Si l'on se penche sur le propulseur, on retrouve évidemment le bloc qui a fait de la RR LA sportive de référence sur route grâce à une personnalité mécanique bien plus marquée que sur les Japonaises actuelles. N'oublions tout de même pas qu'on murmure chez Suzuki que c'est le bloc GSXR 2005/2006 qui aurait servi de base au RR germanique. Pas bêtes, les Bavarois, car il en avait du caractère ce Gex-là ! En limitant le régime maximal à 12000rpm (contre 14000 sur la sportive), la puissance passe de 193cv à 160cv ; le couple de 112Nm reste identique mais est obtenu plus tôt sur le roadster dont la courbe est bien mieux remplie jusqu'à 8000rpm.
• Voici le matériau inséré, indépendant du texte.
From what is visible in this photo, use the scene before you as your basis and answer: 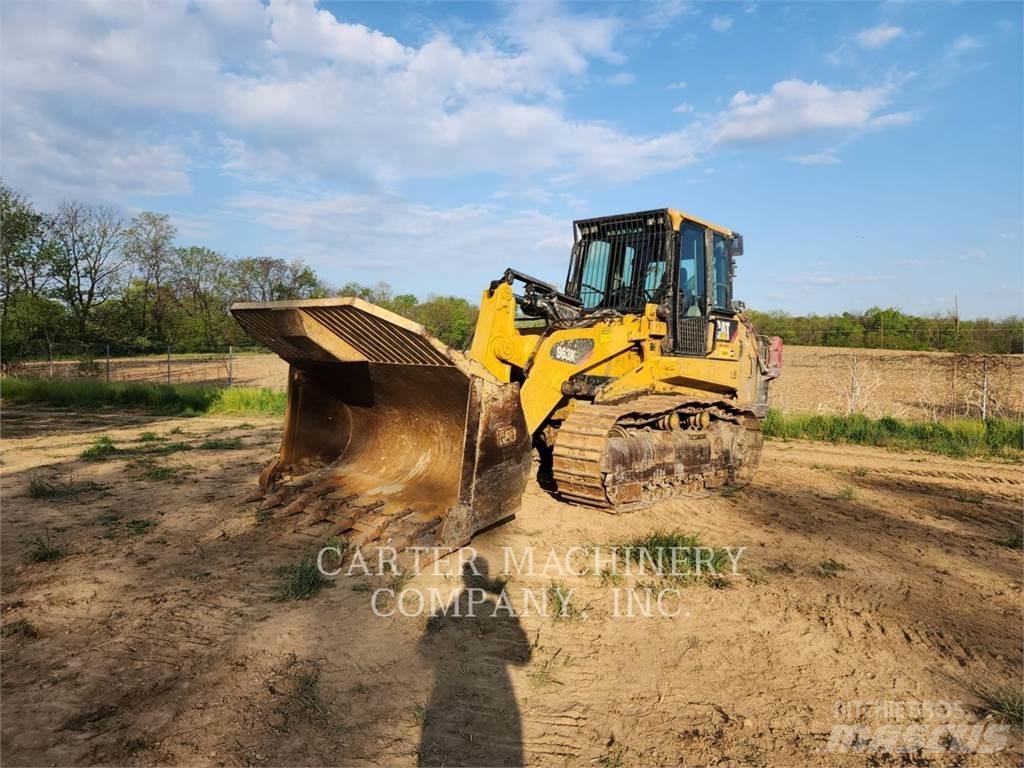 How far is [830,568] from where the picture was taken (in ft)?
15.7

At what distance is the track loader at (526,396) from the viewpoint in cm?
468

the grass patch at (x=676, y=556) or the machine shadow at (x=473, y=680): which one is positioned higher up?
the grass patch at (x=676, y=556)

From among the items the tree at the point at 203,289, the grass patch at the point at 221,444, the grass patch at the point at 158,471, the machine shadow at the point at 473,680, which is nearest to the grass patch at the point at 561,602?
the machine shadow at the point at 473,680

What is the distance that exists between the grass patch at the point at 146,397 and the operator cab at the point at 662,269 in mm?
10154

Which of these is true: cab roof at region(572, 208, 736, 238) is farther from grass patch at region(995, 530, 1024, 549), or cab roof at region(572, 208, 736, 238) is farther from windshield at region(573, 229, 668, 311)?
grass patch at region(995, 530, 1024, 549)

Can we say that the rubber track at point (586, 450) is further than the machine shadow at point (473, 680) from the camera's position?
Yes

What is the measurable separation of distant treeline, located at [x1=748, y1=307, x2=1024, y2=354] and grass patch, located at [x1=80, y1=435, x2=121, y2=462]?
80.7ft

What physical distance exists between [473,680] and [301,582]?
5.01 feet

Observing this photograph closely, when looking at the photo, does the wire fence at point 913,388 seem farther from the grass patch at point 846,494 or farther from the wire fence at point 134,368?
the wire fence at point 134,368

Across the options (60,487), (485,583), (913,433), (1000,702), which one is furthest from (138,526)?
(913,433)

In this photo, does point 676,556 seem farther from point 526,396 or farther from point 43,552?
point 43,552

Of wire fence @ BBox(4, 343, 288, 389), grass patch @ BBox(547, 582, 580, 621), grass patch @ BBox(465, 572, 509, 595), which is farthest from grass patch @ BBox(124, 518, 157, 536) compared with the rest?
wire fence @ BBox(4, 343, 288, 389)

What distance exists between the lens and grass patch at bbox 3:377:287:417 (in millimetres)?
15414

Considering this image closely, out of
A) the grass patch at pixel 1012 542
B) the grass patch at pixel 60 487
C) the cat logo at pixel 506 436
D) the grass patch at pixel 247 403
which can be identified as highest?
the cat logo at pixel 506 436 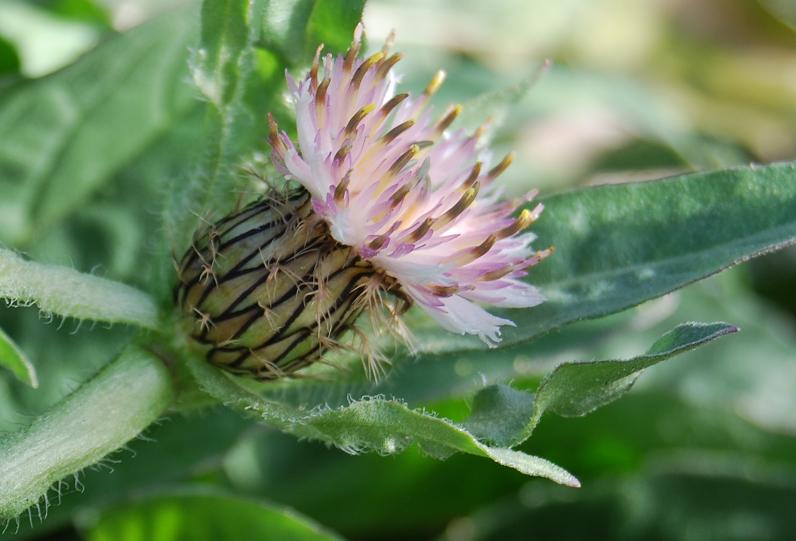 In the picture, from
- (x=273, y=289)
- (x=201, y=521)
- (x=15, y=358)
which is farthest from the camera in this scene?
(x=201, y=521)

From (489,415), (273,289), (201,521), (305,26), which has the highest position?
(305,26)

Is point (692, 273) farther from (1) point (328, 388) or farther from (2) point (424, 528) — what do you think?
(2) point (424, 528)

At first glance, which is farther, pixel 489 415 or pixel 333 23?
pixel 333 23

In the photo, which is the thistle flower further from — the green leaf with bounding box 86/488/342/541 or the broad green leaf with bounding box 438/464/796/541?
the broad green leaf with bounding box 438/464/796/541

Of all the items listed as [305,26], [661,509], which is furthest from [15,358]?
[661,509]

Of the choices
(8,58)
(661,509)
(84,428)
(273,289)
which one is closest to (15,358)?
(84,428)

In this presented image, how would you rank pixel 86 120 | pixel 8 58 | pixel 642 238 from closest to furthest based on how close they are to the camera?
1. pixel 642 238
2. pixel 86 120
3. pixel 8 58

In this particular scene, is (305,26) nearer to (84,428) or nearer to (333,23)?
(333,23)

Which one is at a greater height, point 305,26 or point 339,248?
point 305,26

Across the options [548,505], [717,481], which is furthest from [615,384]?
[717,481] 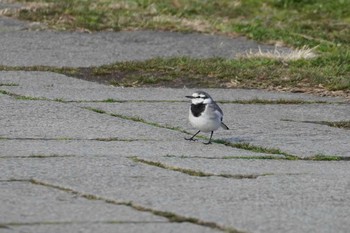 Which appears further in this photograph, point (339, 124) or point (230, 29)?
point (230, 29)

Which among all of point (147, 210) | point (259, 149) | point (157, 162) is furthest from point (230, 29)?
point (147, 210)

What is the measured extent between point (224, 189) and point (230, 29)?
839cm

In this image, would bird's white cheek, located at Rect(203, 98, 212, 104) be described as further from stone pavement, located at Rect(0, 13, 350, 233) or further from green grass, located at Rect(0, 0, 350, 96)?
green grass, located at Rect(0, 0, 350, 96)

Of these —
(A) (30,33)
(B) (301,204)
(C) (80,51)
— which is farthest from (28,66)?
(B) (301,204)

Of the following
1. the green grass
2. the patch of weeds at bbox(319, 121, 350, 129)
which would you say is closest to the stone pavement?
the patch of weeds at bbox(319, 121, 350, 129)

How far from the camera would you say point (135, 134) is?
8.43 m

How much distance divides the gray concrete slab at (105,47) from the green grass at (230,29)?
37 cm

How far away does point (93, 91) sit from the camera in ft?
34.4

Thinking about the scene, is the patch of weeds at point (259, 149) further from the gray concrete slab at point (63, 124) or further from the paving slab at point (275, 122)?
the gray concrete slab at point (63, 124)

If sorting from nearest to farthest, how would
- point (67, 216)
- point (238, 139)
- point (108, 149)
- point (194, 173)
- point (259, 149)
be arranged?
point (67, 216) < point (194, 173) < point (108, 149) < point (259, 149) < point (238, 139)

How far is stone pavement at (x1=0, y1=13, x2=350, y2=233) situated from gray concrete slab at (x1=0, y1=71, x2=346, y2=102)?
12 mm

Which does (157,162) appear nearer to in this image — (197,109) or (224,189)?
(224,189)

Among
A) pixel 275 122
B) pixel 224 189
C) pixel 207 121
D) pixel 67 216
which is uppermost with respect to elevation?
pixel 67 216

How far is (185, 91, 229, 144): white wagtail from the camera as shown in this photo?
27.3 feet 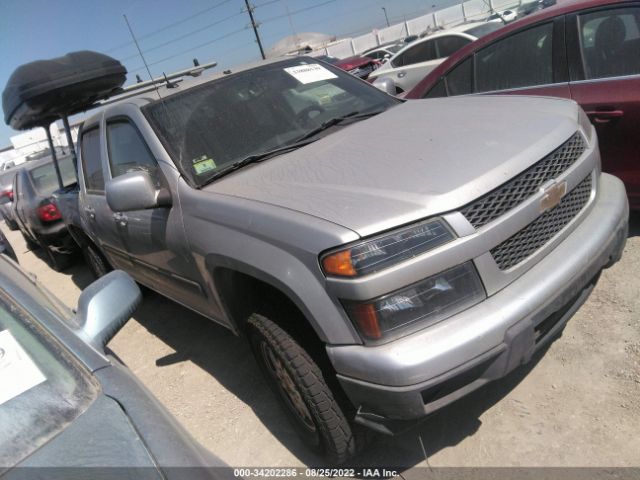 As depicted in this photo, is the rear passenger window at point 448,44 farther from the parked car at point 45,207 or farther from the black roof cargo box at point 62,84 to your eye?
the parked car at point 45,207

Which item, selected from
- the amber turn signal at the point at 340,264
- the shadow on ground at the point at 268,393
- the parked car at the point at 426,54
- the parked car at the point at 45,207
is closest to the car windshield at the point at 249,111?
the amber turn signal at the point at 340,264

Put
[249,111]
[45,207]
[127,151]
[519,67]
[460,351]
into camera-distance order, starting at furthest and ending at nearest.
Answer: [45,207]
[519,67]
[127,151]
[249,111]
[460,351]

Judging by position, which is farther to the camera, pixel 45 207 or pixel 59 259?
pixel 59 259

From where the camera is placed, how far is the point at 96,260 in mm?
5113

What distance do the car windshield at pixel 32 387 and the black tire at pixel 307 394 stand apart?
2.84 feet

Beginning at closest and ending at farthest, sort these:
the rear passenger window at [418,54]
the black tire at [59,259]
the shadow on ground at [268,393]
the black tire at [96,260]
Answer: the shadow on ground at [268,393] → the black tire at [96,260] → the black tire at [59,259] → the rear passenger window at [418,54]

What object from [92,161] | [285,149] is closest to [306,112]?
[285,149]

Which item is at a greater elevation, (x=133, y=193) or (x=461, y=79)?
(x=133, y=193)

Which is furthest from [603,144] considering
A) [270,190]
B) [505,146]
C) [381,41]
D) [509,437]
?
[381,41]

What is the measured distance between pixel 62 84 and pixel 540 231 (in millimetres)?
4171

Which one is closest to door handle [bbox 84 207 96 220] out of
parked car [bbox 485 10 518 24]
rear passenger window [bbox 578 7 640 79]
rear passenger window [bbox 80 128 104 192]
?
rear passenger window [bbox 80 128 104 192]

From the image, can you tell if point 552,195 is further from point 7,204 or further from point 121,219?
point 7,204

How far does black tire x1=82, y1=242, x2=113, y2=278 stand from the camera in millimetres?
5004

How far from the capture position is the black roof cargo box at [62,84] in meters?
4.46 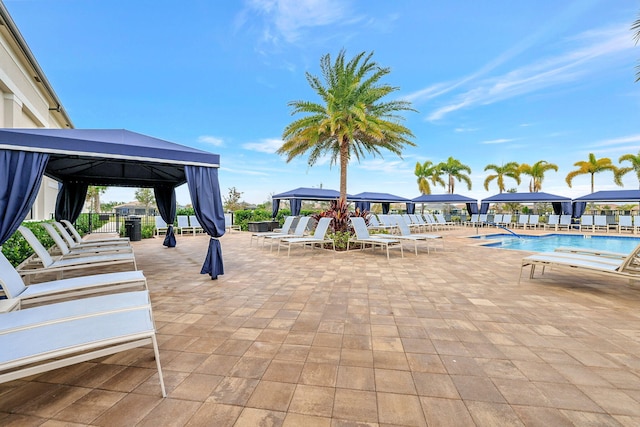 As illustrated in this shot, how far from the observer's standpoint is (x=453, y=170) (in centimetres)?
2777

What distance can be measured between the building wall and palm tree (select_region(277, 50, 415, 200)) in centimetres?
772

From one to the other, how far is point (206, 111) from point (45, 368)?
882 inches

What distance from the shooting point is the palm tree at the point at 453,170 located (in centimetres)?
2752

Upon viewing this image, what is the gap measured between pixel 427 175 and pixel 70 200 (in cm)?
2795

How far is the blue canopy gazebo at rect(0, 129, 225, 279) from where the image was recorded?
351 centimetres

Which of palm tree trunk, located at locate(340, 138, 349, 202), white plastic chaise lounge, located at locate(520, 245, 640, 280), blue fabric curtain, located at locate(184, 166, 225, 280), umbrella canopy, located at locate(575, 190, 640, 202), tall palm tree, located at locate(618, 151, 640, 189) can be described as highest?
tall palm tree, located at locate(618, 151, 640, 189)

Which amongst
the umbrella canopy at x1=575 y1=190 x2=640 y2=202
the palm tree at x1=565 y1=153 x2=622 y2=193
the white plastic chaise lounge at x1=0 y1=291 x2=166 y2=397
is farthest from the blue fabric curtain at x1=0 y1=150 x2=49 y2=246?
the palm tree at x1=565 y1=153 x2=622 y2=193

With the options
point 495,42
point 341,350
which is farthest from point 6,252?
point 495,42

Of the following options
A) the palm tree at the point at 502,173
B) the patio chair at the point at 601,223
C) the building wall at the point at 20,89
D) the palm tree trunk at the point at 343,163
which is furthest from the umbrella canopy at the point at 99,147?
the palm tree at the point at 502,173

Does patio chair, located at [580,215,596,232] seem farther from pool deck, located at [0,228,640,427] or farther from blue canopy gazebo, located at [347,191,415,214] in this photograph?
pool deck, located at [0,228,640,427]

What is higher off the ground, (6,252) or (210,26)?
(210,26)

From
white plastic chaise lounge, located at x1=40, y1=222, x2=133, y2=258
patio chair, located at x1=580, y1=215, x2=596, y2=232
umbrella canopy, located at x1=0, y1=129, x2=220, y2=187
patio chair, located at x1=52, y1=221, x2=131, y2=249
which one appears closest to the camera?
umbrella canopy, located at x1=0, y1=129, x2=220, y2=187

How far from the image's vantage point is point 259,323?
3133 millimetres

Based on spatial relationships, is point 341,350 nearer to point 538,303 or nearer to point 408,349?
point 408,349
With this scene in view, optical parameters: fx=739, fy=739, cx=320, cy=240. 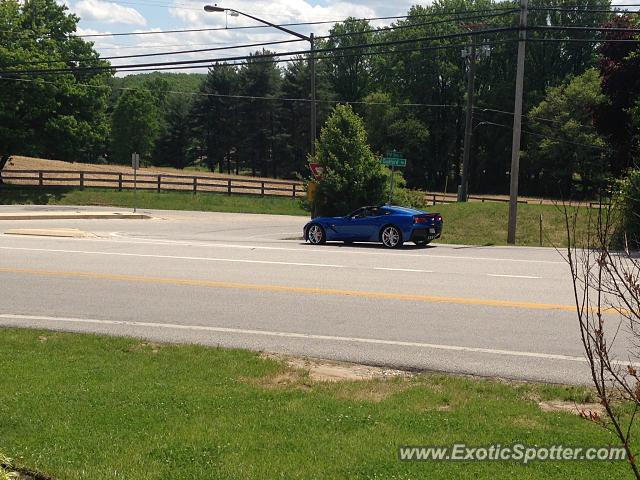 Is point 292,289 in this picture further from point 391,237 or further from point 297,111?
point 297,111

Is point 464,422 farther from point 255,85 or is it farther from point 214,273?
point 255,85

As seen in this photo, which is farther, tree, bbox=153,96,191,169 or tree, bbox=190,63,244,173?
tree, bbox=153,96,191,169

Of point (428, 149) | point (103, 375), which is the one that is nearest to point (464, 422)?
point (103, 375)

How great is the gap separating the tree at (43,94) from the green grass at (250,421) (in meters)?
36.0

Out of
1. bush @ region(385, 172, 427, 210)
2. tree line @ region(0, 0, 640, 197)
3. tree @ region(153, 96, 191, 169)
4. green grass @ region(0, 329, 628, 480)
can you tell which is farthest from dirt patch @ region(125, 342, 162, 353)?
tree @ region(153, 96, 191, 169)

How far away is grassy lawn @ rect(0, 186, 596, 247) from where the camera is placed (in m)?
27.1

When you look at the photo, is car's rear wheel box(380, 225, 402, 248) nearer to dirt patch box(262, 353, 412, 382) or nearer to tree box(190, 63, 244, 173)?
dirt patch box(262, 353, 412, 382)

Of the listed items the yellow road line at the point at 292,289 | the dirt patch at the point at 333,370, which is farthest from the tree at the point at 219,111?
the dirt patch at the point at 333,370

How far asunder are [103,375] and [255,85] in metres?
89.0

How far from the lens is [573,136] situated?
59875 mm

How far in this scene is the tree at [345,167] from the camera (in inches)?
1093

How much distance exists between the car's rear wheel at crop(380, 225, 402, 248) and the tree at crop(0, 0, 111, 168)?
82.0 ft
S'agissant de la partie-cycle, vous devez savoir que Béhème ne s'est pas contenté de soustraire à la RR quelques éléments d'habillage. Ainsi, les Tés de fourche sont avancés, l'angle de colonne de direction diminue tandis que la chasse et l'empattement augmentent légèrement. Soulignons un point qui a son importance : sur les S1000R standard, c'est-à-dire dépourvues de DDC, BMW a supprimé le réglage de précharge de la fourche, craignant que le propriétaire qui se fourvoierait ne mette ainsi en danger la stabilité de sa machine, laquelle s'avère très nerveuse de direction, nous le verrons. Quant au freinage, il est directement hérité de la sportive.
Le comportement non plus
Sur le papier, convenons qu'on ne voit pas bien quelle machine pourrait faire mieux que cette S1000R dans son créneau. Et de fait, si vous lisez les essais de nos estimés confrères, vous constaterez que le concert de louanges est généralisé. Seuls quelques journalistes ont émis les réserves qui seront les nôtres. Voyons cela sans méconnaître pour autant le potentiel très élevé de cette BMW.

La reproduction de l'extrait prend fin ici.